Tuesday, April 15, 2008

Worm-like Intranet/Proxy Hacks

Remote file include worms are nothing new. Santy worm, for example, abuses PHP applications that allow user specified locations to be passed to require() and include() functions. When attacker controlled URLs are passed to these functions, the attacker can serve code to the application which will then be executed on the victim server.

Intranet hacking vulnerabilities, like the one RSnake recently found, share some characteristics of these vicious PHP application flaws. Both flaws take user specified resources and fetch them automatically without any validation. This means you can tell the application to go get http://www.cnn.com, or http://localhost/app/web.config, and the application will generate an HTTP request for that resource.

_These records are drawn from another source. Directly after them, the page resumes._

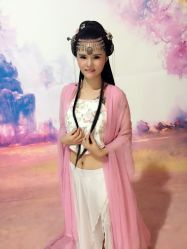 -盘子女人坊生日照·摄影馆(华强店)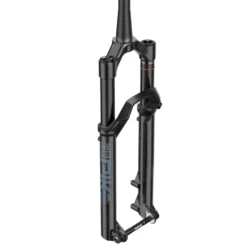 RockShox Pike Select Charger RC Debon Air+ 27.5" Suspension Fork - 130mm - 44mm Offset - Tapered - 15x110mm Boost - Gloss Black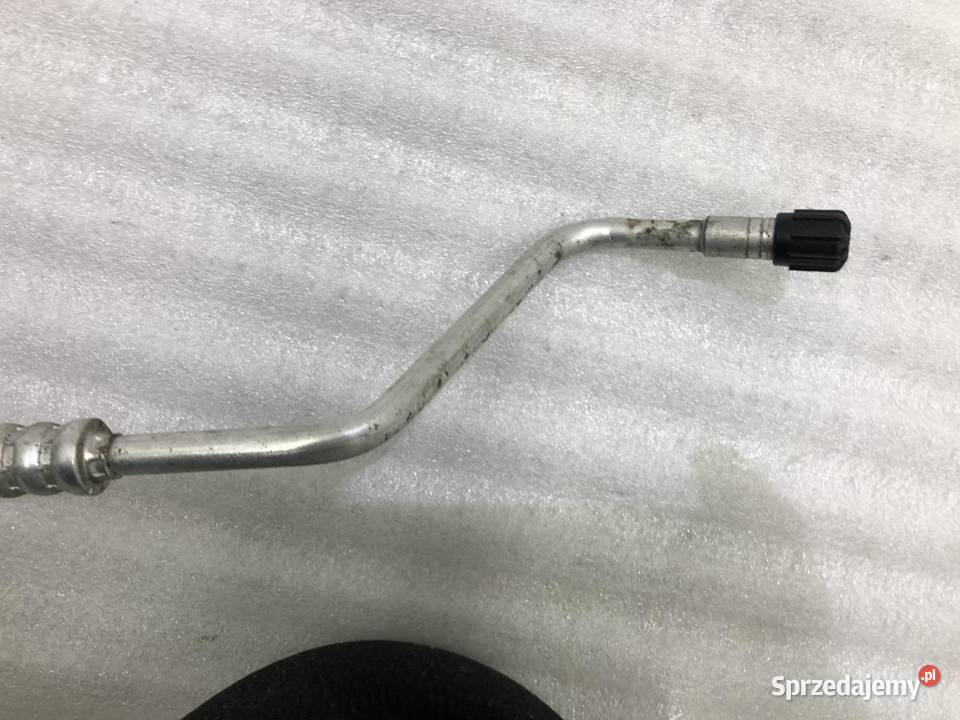 PRZEWÓD KLIMATYZACJI 9223317 BMW X1 E84 20D osobowe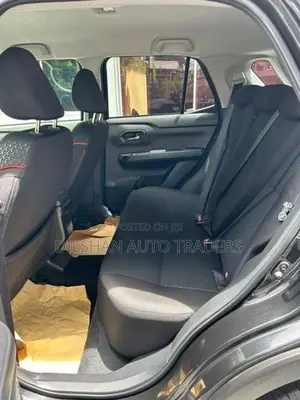 Toyota Raize Brand New 2026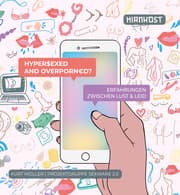 Cover von Hypersexed und Overporned?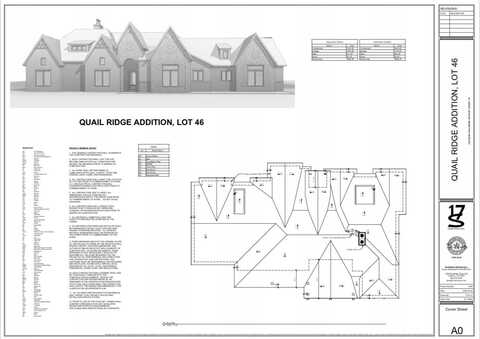 3537 Quail Hollow Road, Ropesville, TX 79358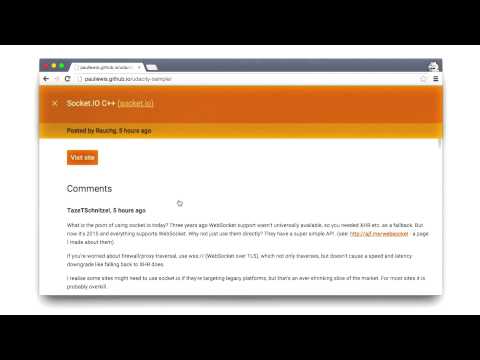Final Project - The Critical Rendering Path - Browser Rendering Optimization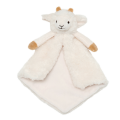  - churro the sheep - comforter white 25 cm 
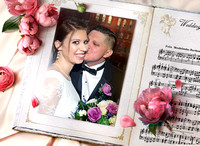 04062019: KALEENA & ANDREW CASTIGLIONE'S WEDDING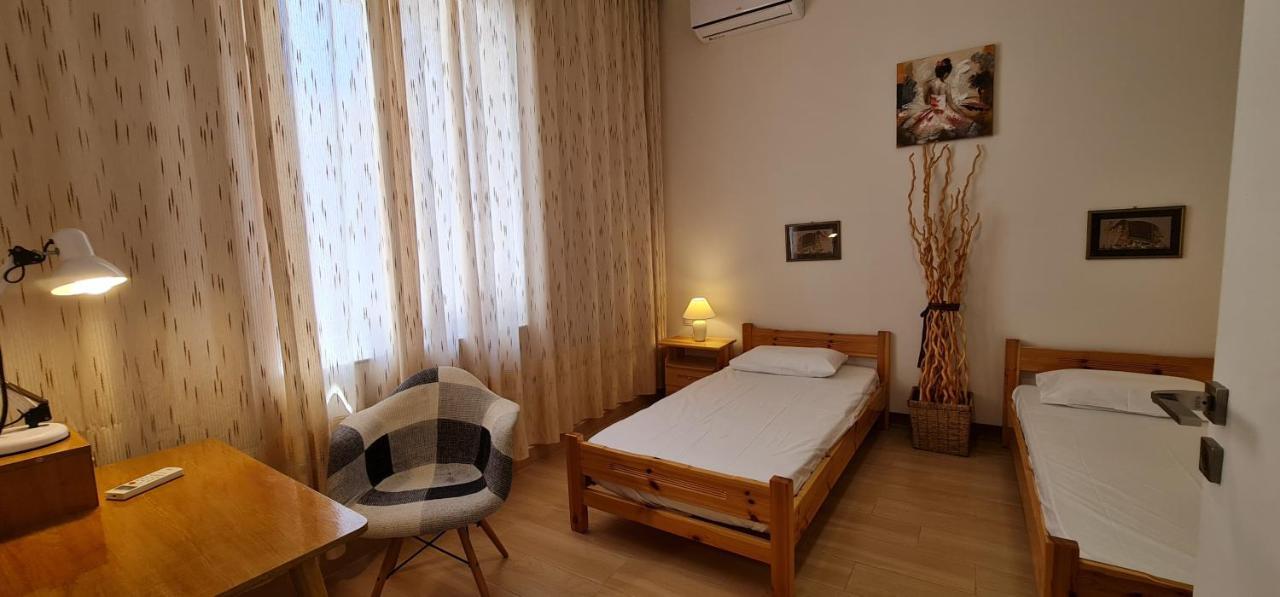 Thalia'S House Villa Hanya Dış mekan fotoğraf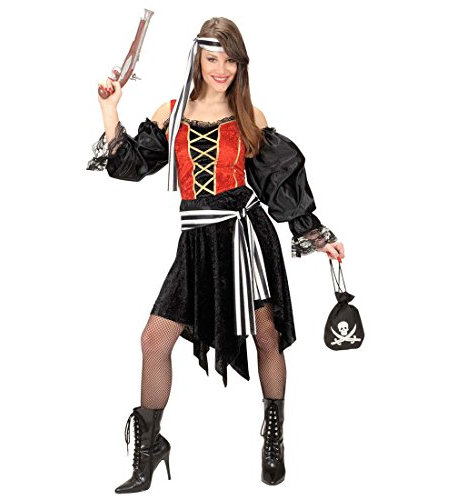 Piratenschatz Goldbeutel Piraten Goldsäckchen Pirat Geldbeutel Totenkopf Gold Beutel Piratenparty Goldsack Gold Sack Seeräuber Freibeuter Geldsack Karibik Mottoparty Accessoire Karneval Kostüm Zubehör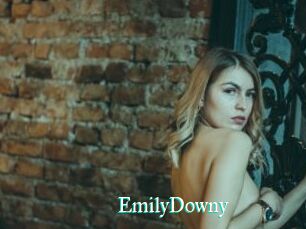 EmilyDowny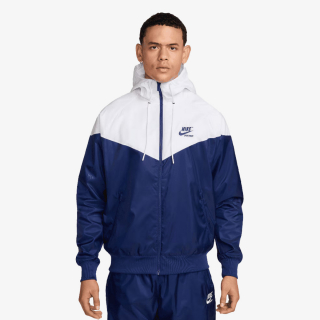 Nike M NK WVN WR LND GFX JKT 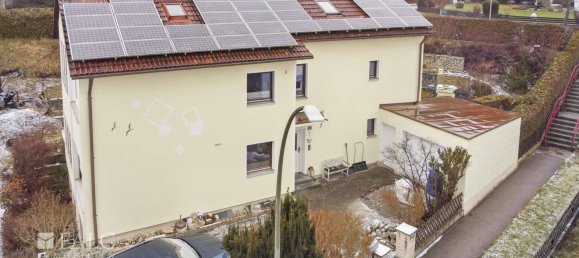 Casa de 8 divisões em Baden-Wurttemberg, Germany N.º 84288 8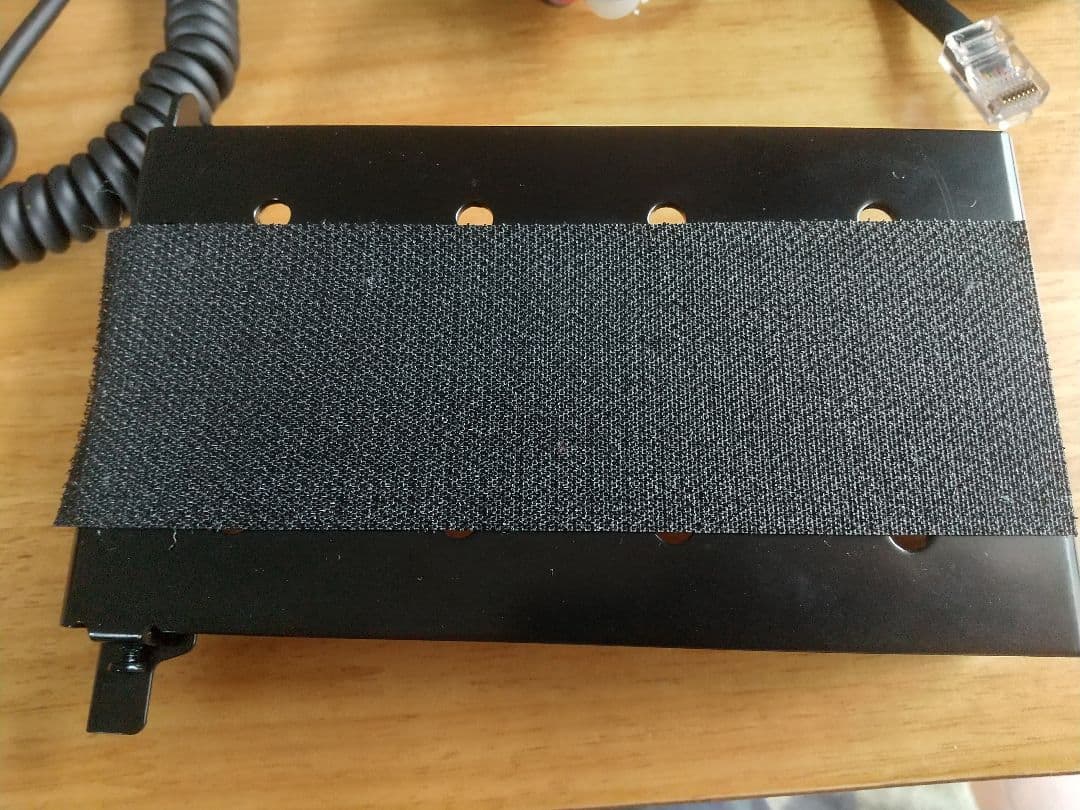 美品　FTM-6000S　使用頻度低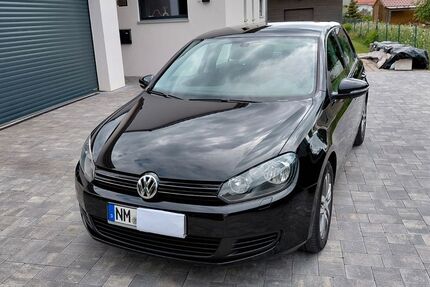 VW Golf 95.824 km 5.990 &euro; Seubersdorf 92358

What sets the two issues apart, is that the PHP vulnerability consists of an automated request AND arbitrary code execution - that's why it is so easily wormable. Intranet-hacking type vulnerabilities, in general, only provide an attacker a method to automate and proxy requests (propagation), without any vector for remote code execution. Unless, there is some other vulnerability in the same script...

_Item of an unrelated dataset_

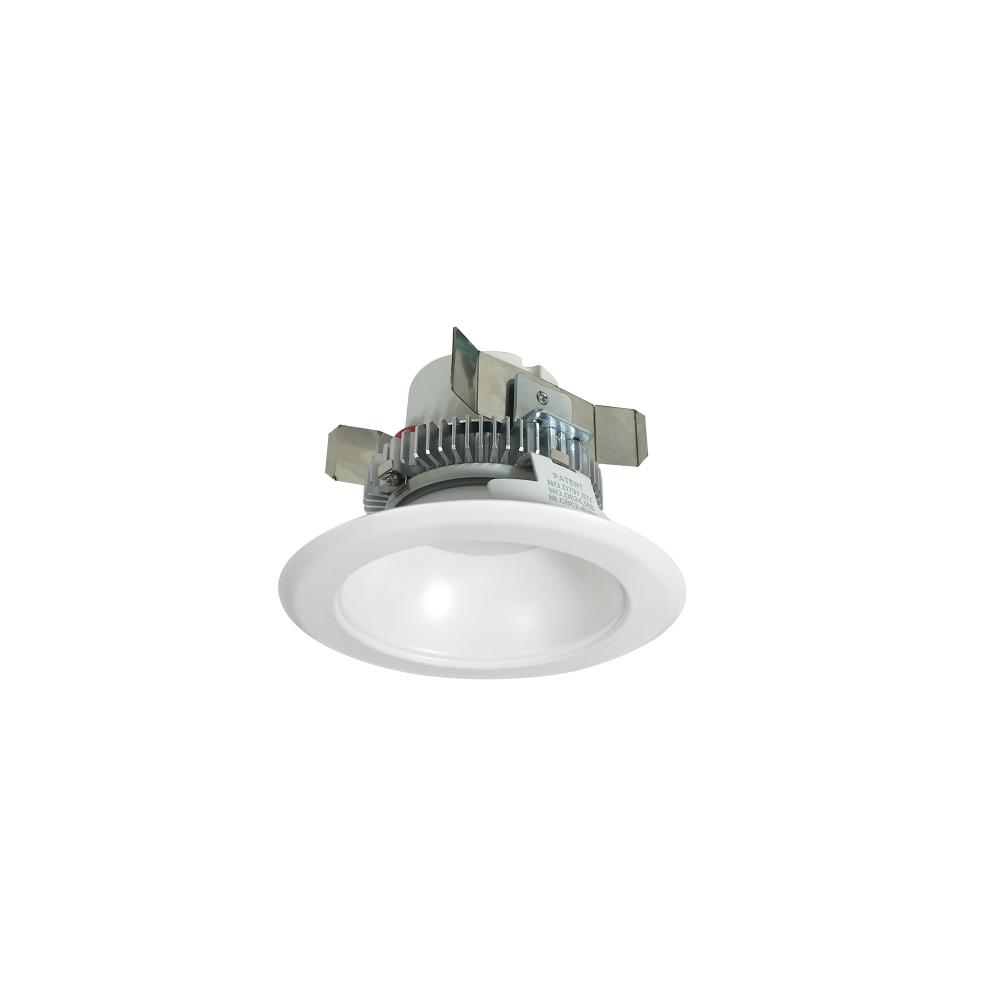 4&#34; Cobalt Click Retrofit, Round Reflector,2700K, 1000 Lumens White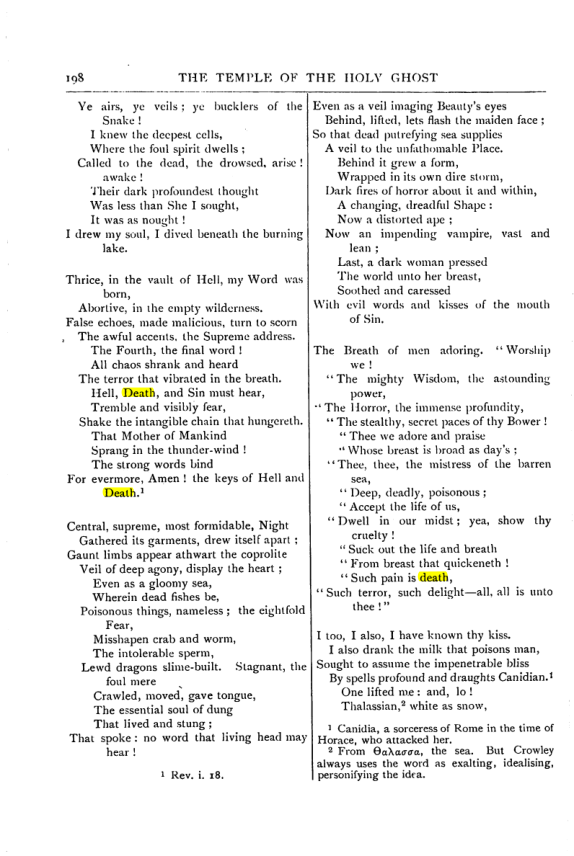 Original scan of Collected Works (Vol. I), PDF page 205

If in the same URL that has the arbitrary request vulnerability, there is a persistent XSS/SQL injection/command injection vulnerability, you now have a vector to execute malicious code, as well as a method to propagate it.

Below is one theoretical example. But first, lets get some assumptions out of the way :-)

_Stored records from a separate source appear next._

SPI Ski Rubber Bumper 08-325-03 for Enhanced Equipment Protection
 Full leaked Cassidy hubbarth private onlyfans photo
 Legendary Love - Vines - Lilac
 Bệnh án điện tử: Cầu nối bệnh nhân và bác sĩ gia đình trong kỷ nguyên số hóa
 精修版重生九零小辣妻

Assumption 1: The application has a pre-auth vulnerability allowing users to specificy URLs which the application will fetch without validation.

Assumption 2: The same code that doesn't validate the user specified URL also doesn't validate other querystring data it is sent.

Assumption 3: All querystring data gets written to a log or database, without being encoded, where it can be viewed in a web browser by an administrator or some privileged user.

Initial attacker generated request:
http://somewebapp/app/fetch?path=[URL]&XSSpayload=<script>alert(document.cookie)</script>

In the above request, [URL] = http://someotherwebapp/app/fetch%3Fpath%3D[URL2]%26XSSpayload%3D<script>alert(document.cookie)</script>

[URL] contains the first automated request that will be generated, [URL2] contains the next one, and so on . . .

Another differentiator is that while the malicious PHP worm code can find targets on its own using Google searches, with Intranet hacking it is up to the attacker to identify targets and build his exploit URL. In the end, he'll have a very long URL that contains the target and payload for every server you wish to attack. Not pretty, but it should get the job done.

Something else to be aware of is how the execution path of the victim code. When the code makes the remote request, it will probably hang until it gets a response, or until it times out (depending on how many requests are made and how long it takes for them to be fulfilled).

If, in our above example, the persistent XSS is written to the database before the request is made, your attack should still work. If it is written to the database after the HTTP request, you could be out of luck if the request times out and the code takes an alternate execution path.

Again, this is all theory. Next step would be a PoC . . . or maybe actually find something like this in the wild.